Psychedelics are not a panacea

Psychedelics are not a panacea

Published on:

June 18, 2023

Psychedelics and real context ...

Psychedelics are but one, albeit powerful tool, that change consciousness that can lead to personal growth. Psychedelics reliably move us from normal waking ordinary consciousness to a powerful non-ordinary state of consciousness which manifests potential to result in immediate antidepressant effects, reductions in negative thinking, increases in creativity and enhanced mental flexibility. Journeyers may be shown seemingly objectively true and compelling aspects of reality, often referred to as the noetic quality of a trip, that may help inform where growth is needed.
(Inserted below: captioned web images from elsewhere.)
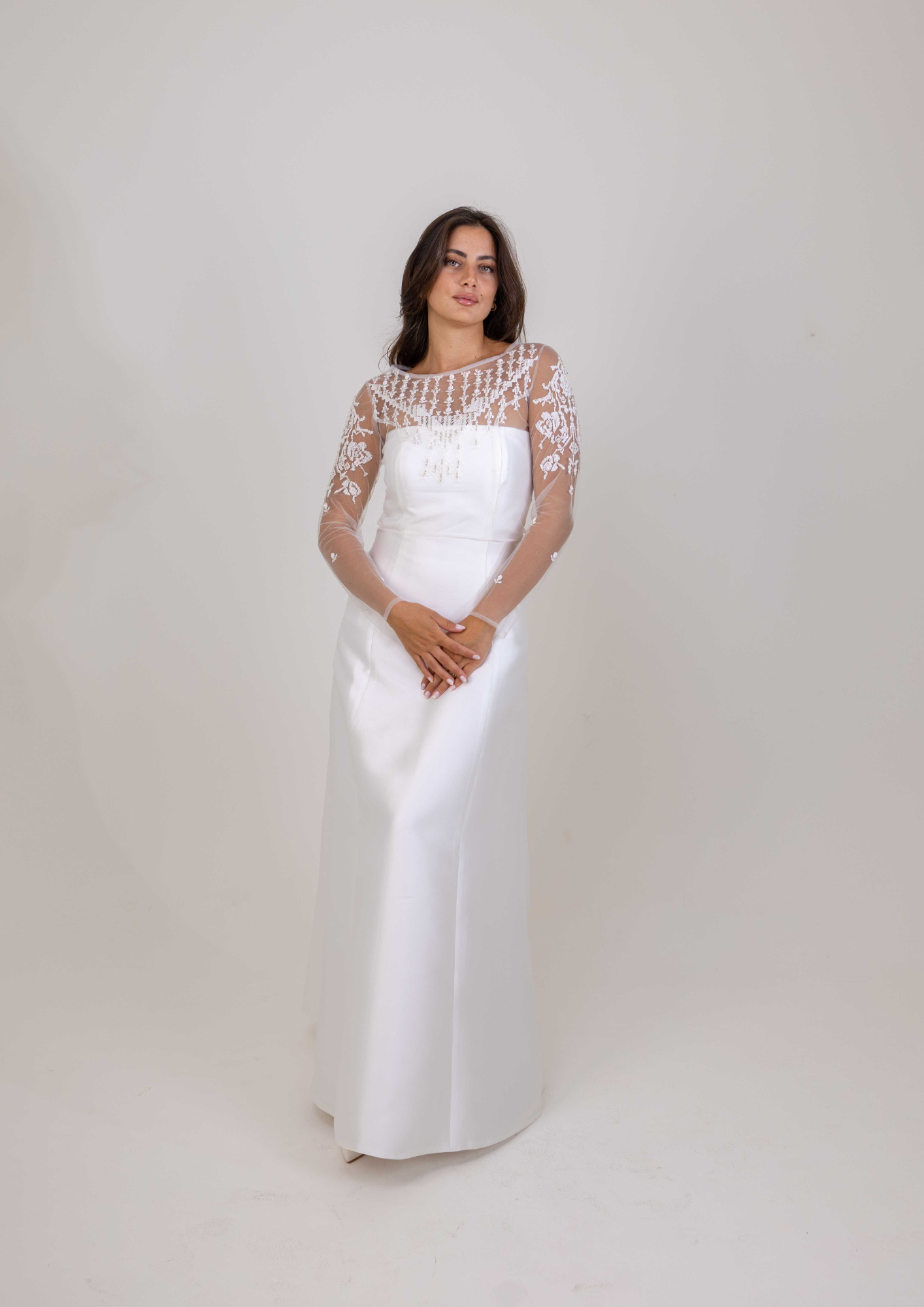 Hand Embroidered Tulle Blouse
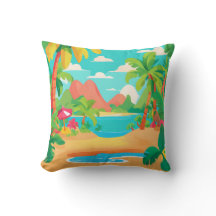 Paysage île tropicale Lancer l'oreiller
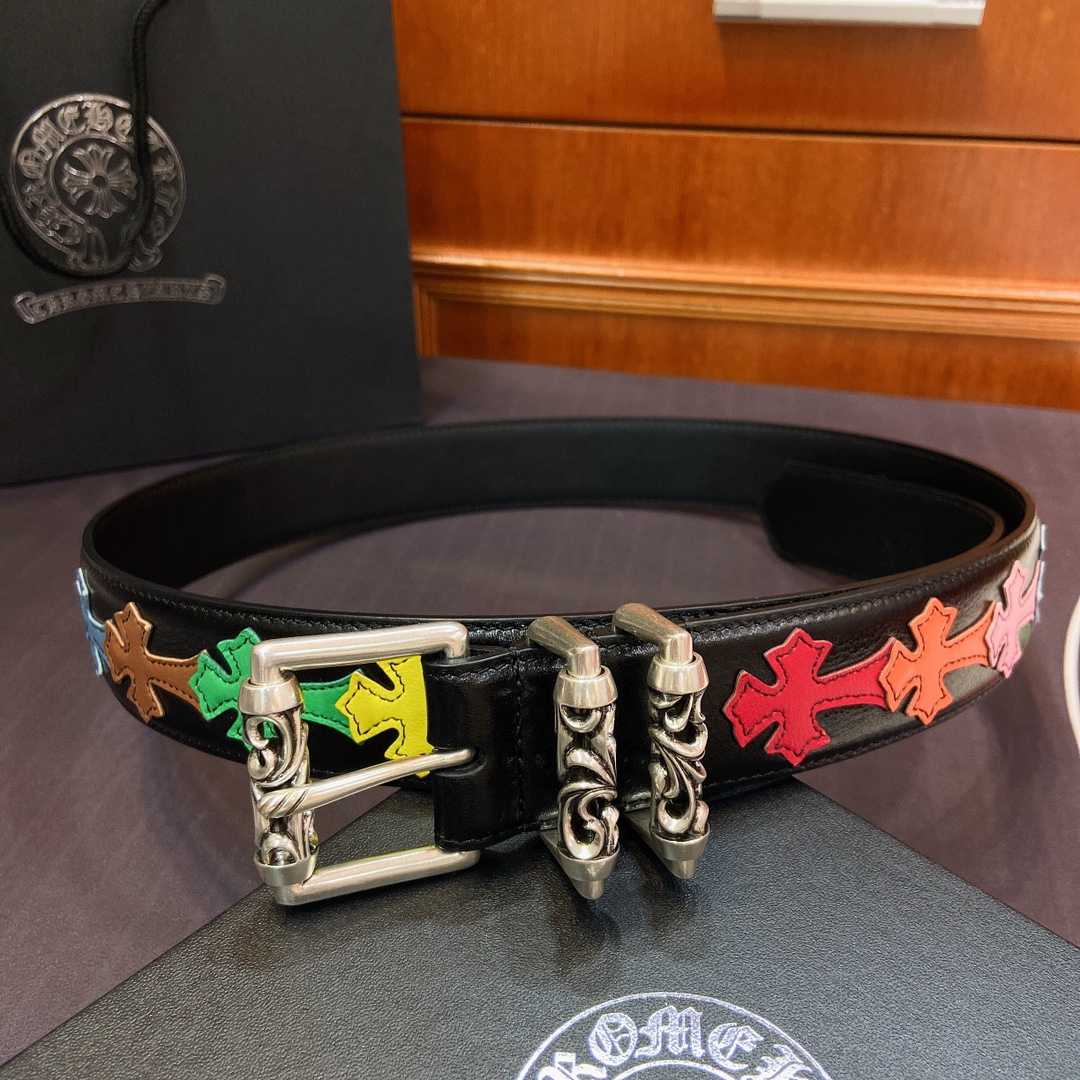 Chrome Hearts Leather Belt    3.8cm - DopestKickz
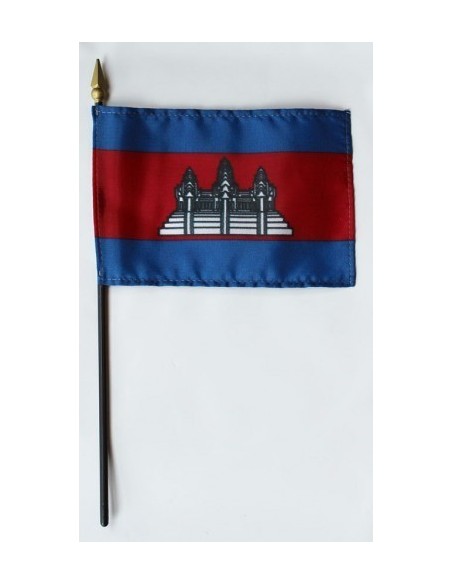 Cambodia 4" x 6" Mounted Flags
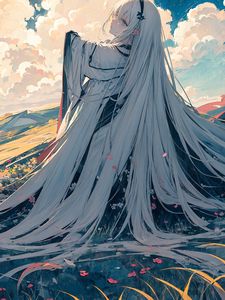 Preview wallpaper girl, nature, clouds, anime, art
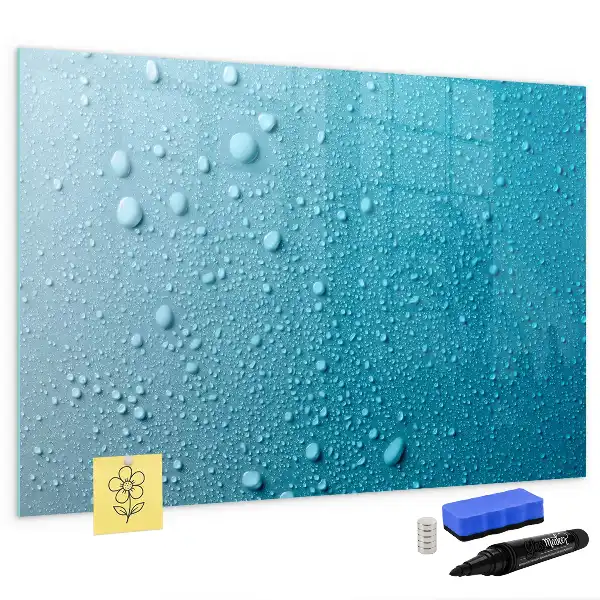 Pizarra de cristal magnética borrable modelo gotas de agua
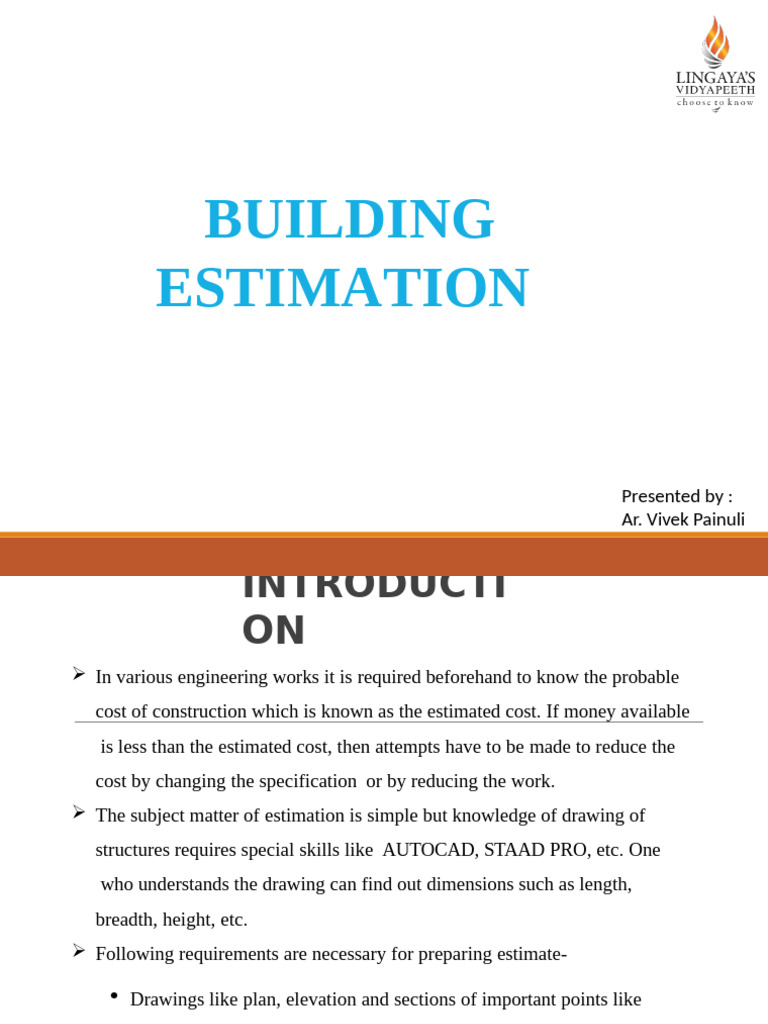 Building Estimation Guide for G+1 Structure | PDF | Concrete | Length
Having access to these parts of the conscious and unconscious mind create opportunities to nurture new perspectives and skills that may play a role in helping us solve personal problems and be in better relationships with oneself and others. To have access to healthy relationships with yourself and others where people can be authentic, open and share their truth is a path to well-being and a door commonly opened by psychedelics. Opening this door can create chaos which which where to integration becomes important to help regain ones footing and stability. All of this therapeutic potential might be beneficial whether or not someone is suffering from a mental health condition.

With psychedelics therapeutic potential in mind, it is important to temper the hype and note that these outcomes are not guaranteed. Even though psychedelics may help some people, they are not for everyone and certainly not a panacea, that is a cure or 'fix' for life's problems. First, there are some people that should likely never use psychedelics due to certain medical and psychiatric conditions or vulnerabilities. Even though psychedelics are generally well tolerated, some people's body and mind may not be fit for this exploration. Secondly, if an individuals life is generally unstable or chaotic, perhaps it makes sense to wait and not introduce additional chaos that psychedelics can bring in. This point speaks to the importance of timing, that is, there are certain times in which our health and life circumstances may not be ideal for psychedelic use. Waiting for the weather to pass and more ideal conditions to emerge before setting off into new lands might be key, if one decides to take this journey at all.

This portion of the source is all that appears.